Garronite-Ca is a fairly rare silicate mineral, from the zeolite, which has been found in a few dozen locations in the world. It was first found in the Glenariff Valley, Garron Plateau, County Antrim, Northern Ireland, and in some locations in Iceland. The name comes from the town of Garron, in Northern Ireland, which is consequently considered its type locality. The name initially used was that of Garronite, without subfixes, but the discovery in 2015 of a garronite with dominant sodium instead of calcium in the position of interchangeable cations made it necessary to use subfixes, remaining as Garronite-Ca, to distinguish it from the new species, Garronite-Na.
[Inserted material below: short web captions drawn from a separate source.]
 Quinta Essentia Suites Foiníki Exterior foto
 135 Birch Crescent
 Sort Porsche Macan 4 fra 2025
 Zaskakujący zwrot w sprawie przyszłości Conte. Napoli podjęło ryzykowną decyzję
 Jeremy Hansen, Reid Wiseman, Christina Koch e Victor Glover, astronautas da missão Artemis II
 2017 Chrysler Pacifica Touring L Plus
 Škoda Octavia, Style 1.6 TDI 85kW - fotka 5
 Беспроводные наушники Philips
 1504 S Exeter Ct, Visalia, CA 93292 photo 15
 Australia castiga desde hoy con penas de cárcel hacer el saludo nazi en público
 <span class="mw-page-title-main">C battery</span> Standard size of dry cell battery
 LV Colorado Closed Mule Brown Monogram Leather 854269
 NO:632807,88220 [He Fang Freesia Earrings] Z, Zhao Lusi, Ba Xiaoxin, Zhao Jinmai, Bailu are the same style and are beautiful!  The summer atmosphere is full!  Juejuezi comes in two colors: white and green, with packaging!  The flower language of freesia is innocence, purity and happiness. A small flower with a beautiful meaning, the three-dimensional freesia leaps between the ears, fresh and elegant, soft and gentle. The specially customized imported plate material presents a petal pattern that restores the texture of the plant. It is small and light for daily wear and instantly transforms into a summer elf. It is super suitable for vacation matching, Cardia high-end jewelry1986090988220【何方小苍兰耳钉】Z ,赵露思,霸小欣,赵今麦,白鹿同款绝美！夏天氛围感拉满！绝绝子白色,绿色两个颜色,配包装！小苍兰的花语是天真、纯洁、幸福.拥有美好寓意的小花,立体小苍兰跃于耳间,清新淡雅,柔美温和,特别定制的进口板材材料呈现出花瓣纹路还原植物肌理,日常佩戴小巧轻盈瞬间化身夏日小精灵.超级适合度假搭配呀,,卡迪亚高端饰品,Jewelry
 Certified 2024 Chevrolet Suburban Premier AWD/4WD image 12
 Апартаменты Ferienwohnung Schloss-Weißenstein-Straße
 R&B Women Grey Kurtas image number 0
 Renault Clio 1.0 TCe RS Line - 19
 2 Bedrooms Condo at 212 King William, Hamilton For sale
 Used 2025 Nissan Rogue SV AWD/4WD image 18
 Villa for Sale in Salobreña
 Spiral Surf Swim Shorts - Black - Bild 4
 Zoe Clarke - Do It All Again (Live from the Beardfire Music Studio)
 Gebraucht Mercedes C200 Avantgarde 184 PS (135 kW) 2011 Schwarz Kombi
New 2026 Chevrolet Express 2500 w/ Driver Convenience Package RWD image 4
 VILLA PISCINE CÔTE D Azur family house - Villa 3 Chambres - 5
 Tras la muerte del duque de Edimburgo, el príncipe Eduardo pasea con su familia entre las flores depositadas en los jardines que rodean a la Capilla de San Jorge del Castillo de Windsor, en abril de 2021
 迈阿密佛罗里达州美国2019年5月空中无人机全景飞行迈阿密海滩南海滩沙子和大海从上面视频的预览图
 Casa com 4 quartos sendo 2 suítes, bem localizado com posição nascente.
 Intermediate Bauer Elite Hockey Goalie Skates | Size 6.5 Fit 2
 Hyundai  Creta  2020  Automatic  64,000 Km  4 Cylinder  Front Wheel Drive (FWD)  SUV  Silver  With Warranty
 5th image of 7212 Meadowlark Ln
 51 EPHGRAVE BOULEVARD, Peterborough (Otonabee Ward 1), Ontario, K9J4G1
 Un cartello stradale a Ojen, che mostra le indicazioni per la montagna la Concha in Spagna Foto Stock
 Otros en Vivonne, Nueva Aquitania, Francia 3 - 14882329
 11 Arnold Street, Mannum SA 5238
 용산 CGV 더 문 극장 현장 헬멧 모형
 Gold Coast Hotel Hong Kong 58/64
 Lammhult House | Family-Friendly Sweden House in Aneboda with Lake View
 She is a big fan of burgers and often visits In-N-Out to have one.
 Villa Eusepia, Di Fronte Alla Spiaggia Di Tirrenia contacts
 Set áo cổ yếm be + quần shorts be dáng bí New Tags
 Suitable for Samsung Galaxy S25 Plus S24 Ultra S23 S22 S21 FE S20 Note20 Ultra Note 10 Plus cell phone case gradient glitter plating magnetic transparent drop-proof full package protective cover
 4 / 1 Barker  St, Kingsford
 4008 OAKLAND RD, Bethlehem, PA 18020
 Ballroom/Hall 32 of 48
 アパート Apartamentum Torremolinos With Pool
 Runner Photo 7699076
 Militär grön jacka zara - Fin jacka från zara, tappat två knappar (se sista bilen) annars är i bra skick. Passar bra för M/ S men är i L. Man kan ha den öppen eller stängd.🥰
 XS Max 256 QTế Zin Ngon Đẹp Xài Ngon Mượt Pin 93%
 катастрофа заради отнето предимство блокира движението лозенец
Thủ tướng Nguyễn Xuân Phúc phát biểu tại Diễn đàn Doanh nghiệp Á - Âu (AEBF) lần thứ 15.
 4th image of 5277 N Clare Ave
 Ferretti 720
== Physical and chemical properties ==
Garronite-Ca is generally found as masses and nodules with a finely fibrous internal structure, white in color, usually showing a concentric growth structure. This causes the nodules to present with a conchoidal fracture. It is very rare as defined crystals. When crystals appear, they usually show the faces corresponding to {101} and {011}.

== Localities ==
Garronite-Ca is formed under hydrothermal conditions at low temperature. It is a rare zeolite, and very rare in the form of defined crystals. As fibrous masses, filling vacuoles in basalts, it has been found in the county of Antrim, in Northern Ireland (United Kingdom), and in the area of Fáskrúðsfjörður (Iceland). It is usually associated with phillipsite, which is located in the outer area of the nodules. As crystals, associated with calcite and analcime, it has been found in San Giorgio di Perlena, Fara Vicentino, Vicenza (Italy) and in Barranc Salat, Calpe, Alicante (Spain).